A la fin des années 80 il nous offre une version peu sérieuse de Predator mâtiné de Robocop, son truculent Robowar. Il s'inspire ensuite de Rambo et prend les commandes de cinq films de guerre musclés tournés quasiment à la suite entre 1986 et 1989, l'hilarant Strike commando, Strike commando 2, Double target, Cop game et enfin Nato per combattere. Il terminera surtout le Zombi 3 que Lucio Fulci dut abandonner lorsqu'il tomba malade, faisant de ce troisième opus un film bancal, plus estampillé Mattei que Fulci. Toujours dans le filon des grosses machines américaines, il donne ensuite ses versions du pauvre de Terminator 2 avec Alienator et de Jaws avec le désormais cultissime Cruel jaws.
Au seuil des années 90, la carrière de Bruno Mattei va quelque peu ralentir comme pas mal d'autres de ses confrères mais l'insatiable farfelu du Bis continue son petit bonhomme de chemin. Il tourne pour la télévision, la vidéo (Snuff trap) mais également et toujours pour le cinéma. Il refait même un retour en force inattendu en 2003 avec Nella terra dei cannibali et Cannibal world, directement tournés en vidéo, deux cannibal movies tournés simultanément avec la même équipe et les même acteurs qu'il faut voir comme un hommage aux films de cannibales des années 80 mais aussi à tout un pan du cinéma d'exploitation de ces années là. Ce sera malheureusement ses deux derniers films puisqu'il nous quittera le 21 mai 2007 à Rome à l'âge de 76 ans.

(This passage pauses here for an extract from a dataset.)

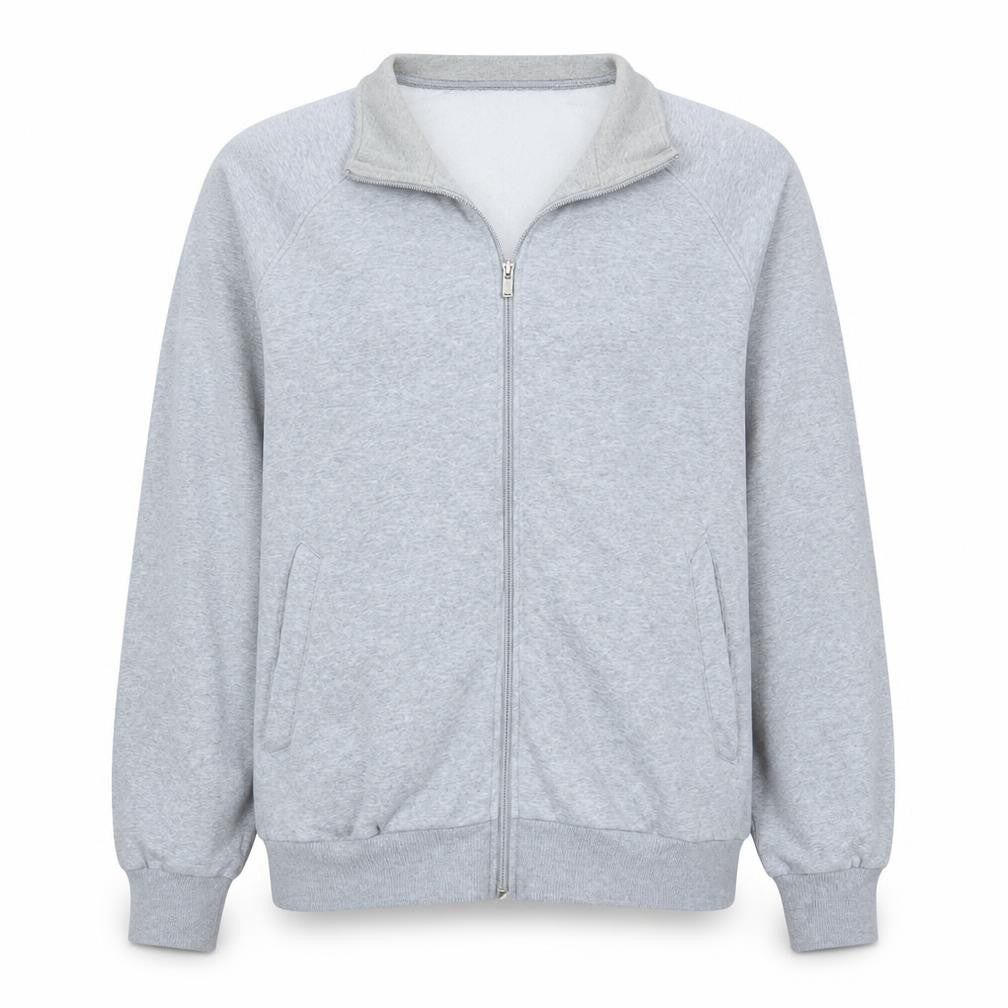 Mens UK Size M adidas Grey Gym & Training Running & Jogging Walking Jacket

Figure incontestable et incontournable du cinéma Bis et d'un certain cinéma populaire italien, Bruno Mattei a su gagner grâce à cet étonnant détachement et ce coté d'éternel enfant, ses galons de Maître de la rigolade et du non sérieux. Il était un artisan besogneux et pilleur dont le nom n'est pas prêt de s'éteindre. C'est peut être la clé de la réussite et de la gloire.